Once we build matrix multiplication and matrix inversion using finite field arithmetic we just have to connect a few dots and we have IDA. I spent several weeks digging into various C++ implementations and came away more confused that I started. I decided the only way to learn it was to actually build it so I set out on the journey of re-implementing IDA in Python. Yes, its slow but this was about learning the algorithm not about writing efficient code.
The python code comes in the form of 5 main library files:
- ida.py - Connects all the above libraries to actually preform the IDA algorithm
- Splitter.py - Splits a file into a matrix
- Matrix.py - Object to represent a matrix and do math with it
- FiniteFieldMatrix.py - Overloads the matrix object and makes all the math happen using the finite field arithmetic
- FiniteField.py - Object to represent numbers in a finite field and implements all mathematical operations
- SmallField.py - Class that does the mathematical operations in the finite field.

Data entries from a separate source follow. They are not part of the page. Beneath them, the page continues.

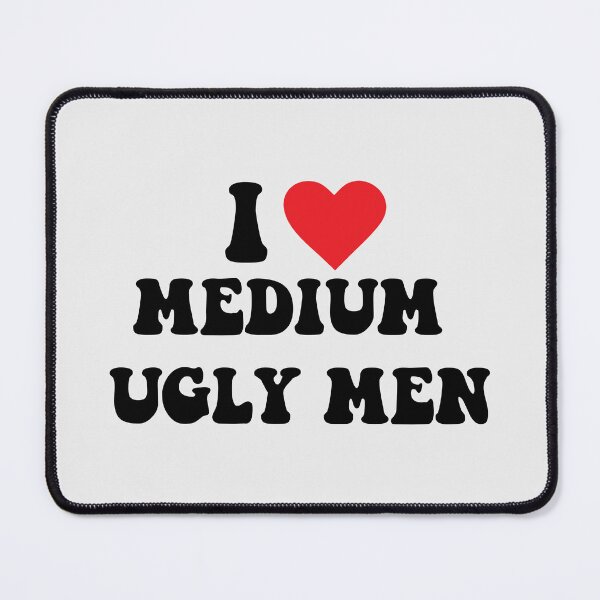 Item preview, I Heart Medium Ugly Men designed and sold by marsh designs.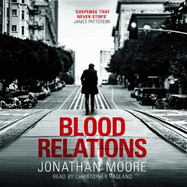 Blood Relations: The smart, electrifying noir thriller follow up to The Poison Artist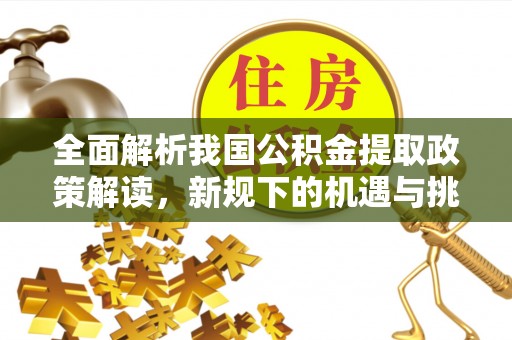 蓬莱全面解析我国公积金提取政策解读，新规下的机遇与挑战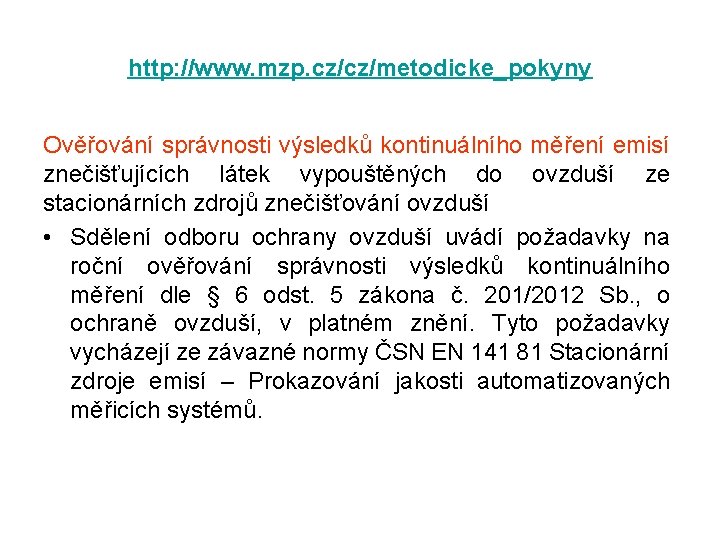 http: //www. mzp. cz/cz/metodicke_pokyny Ověřování správnosti výsledků kontinuálního měření emisí znečišťujících látek vypouštěných do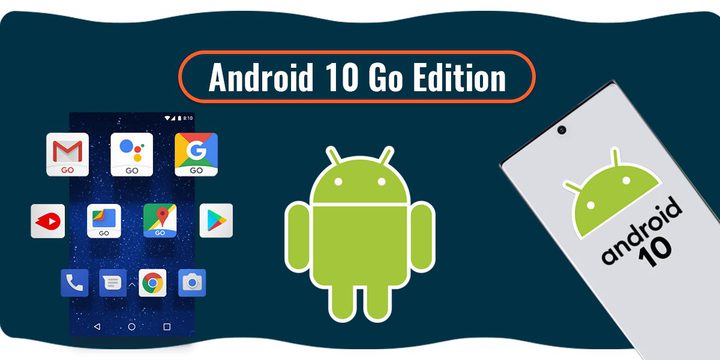 أهم مميزات نظام Android 10 Go الجديد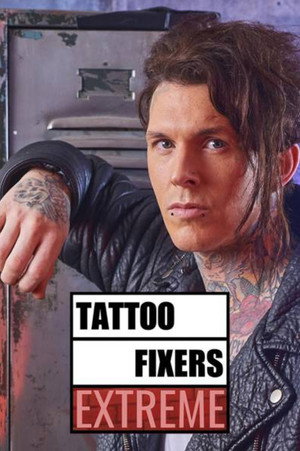 Tattoo Fixers Extreme poszter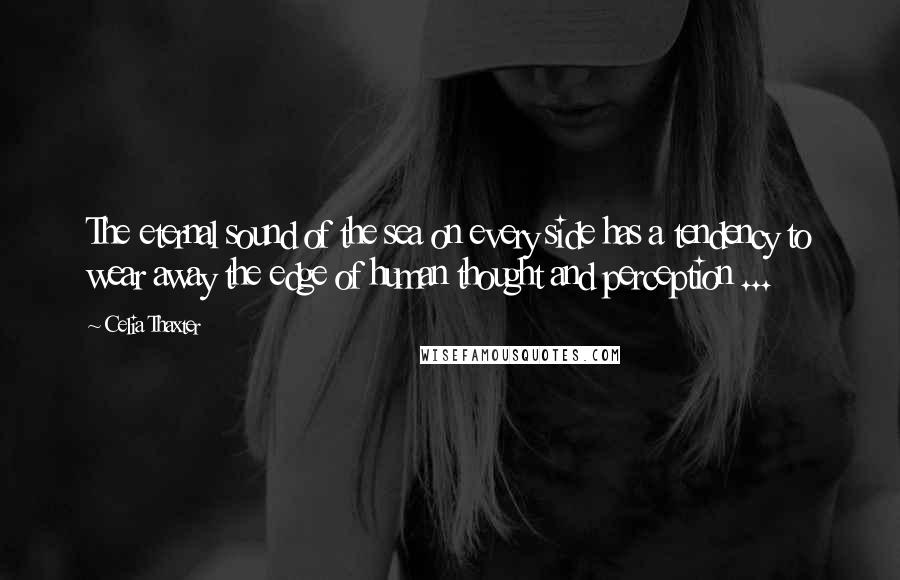 Celia Thaxter Quotes: The eternal sound of the sea on every side has a tendency to wear away the edge of human thought and perception ...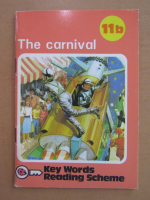 The carnival. Key Words Reading Scheme 11b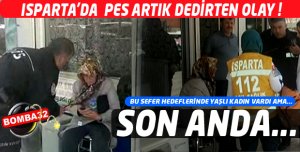 ISPARTA'DA PES ARTIK DEDİRTEN OLAY ...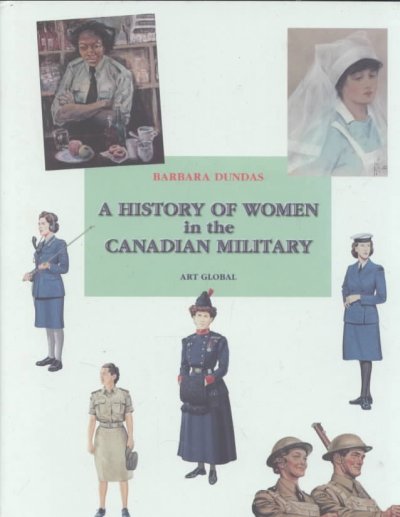 A history of women in the Canadian military / Barbara Dundas.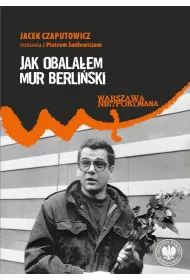Jak obala�em Mur Berli�ski. Jacek Czaputowicz rozmawia z Piotrem �mi�owiczem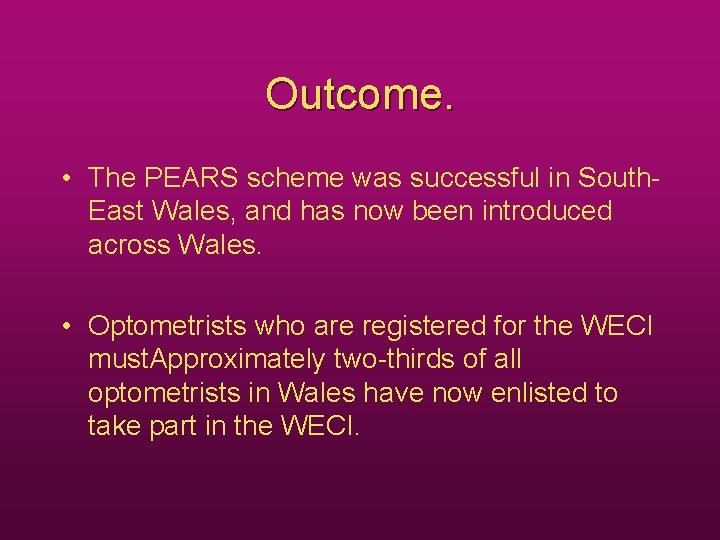 Outcome. • The PEARS scheme was successful in South. East Wales, and has now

Tar file available here: idapy.tar.gz
Where should I start? Thats a great question which I’ve been struggling with for a few days. First dump all these files in one directory, then try running python ida.py. This should execute a unit test found at the bottom of this file. You should start by looking at the unit test function called “testDecoder”. This function attempts to encode “/etc/hosts” file and properly decode it (you’ll need to change this path if you are running on a non *nix box). Then you can start by tracing the steps backward from here. This code isn’t the cleanest but it does work and I believe is fairly easy to understand. Feedback is welcome!